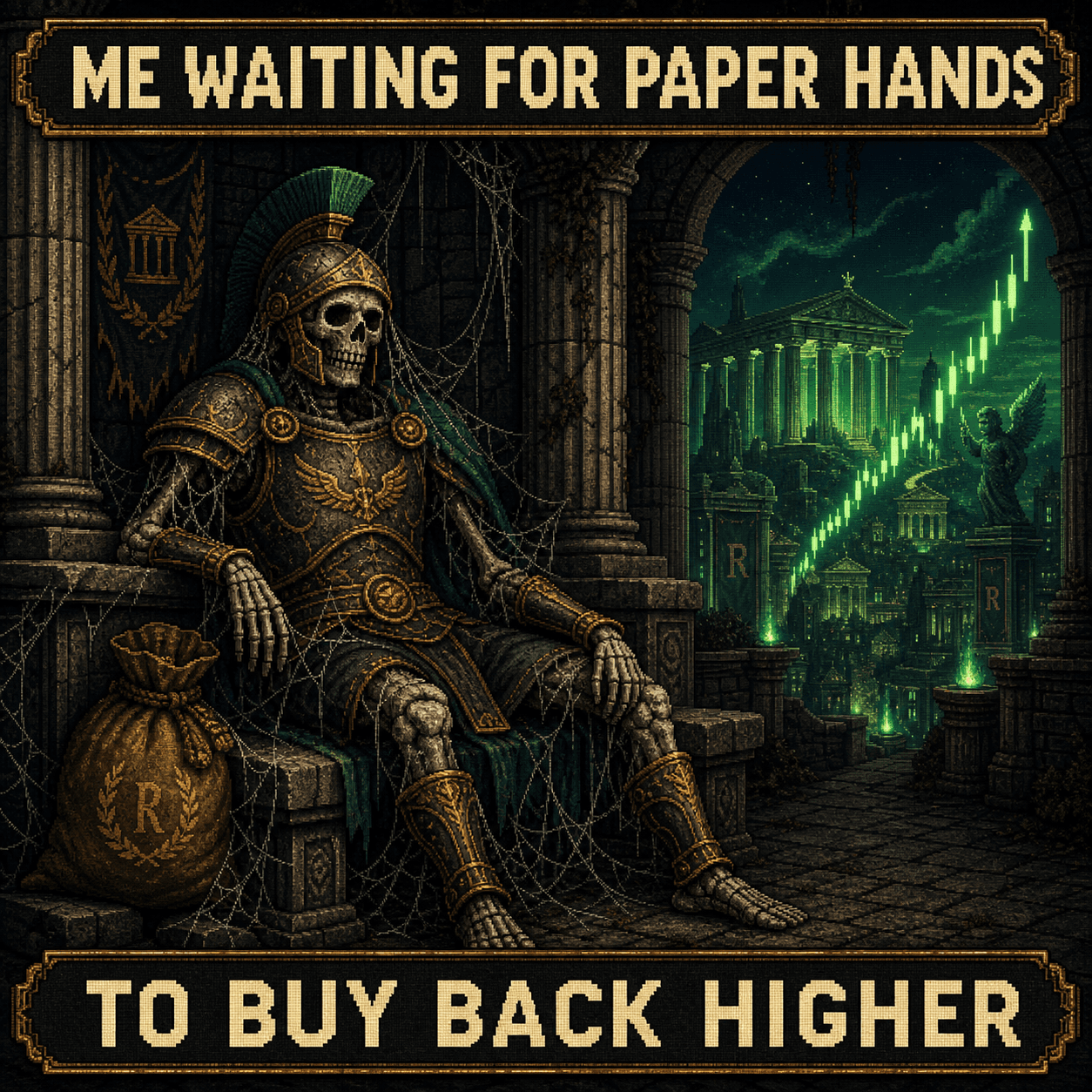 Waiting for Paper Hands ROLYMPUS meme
○ ○ ○
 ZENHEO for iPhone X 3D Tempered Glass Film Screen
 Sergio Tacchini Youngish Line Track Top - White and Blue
○ ○ ○
◆ **Exercise goal**: Output the lines above exactly, but only those between the line holding "ZENHEO for iPhone" and the line holding "Sergio Tacchini Youngish", inclusive.

◆ **Written response**:
 ZENHEO for iPhone X 3D Tempered Glass Film Screen
 Sergio Tacchini Youngish Line Track Top - White and Blue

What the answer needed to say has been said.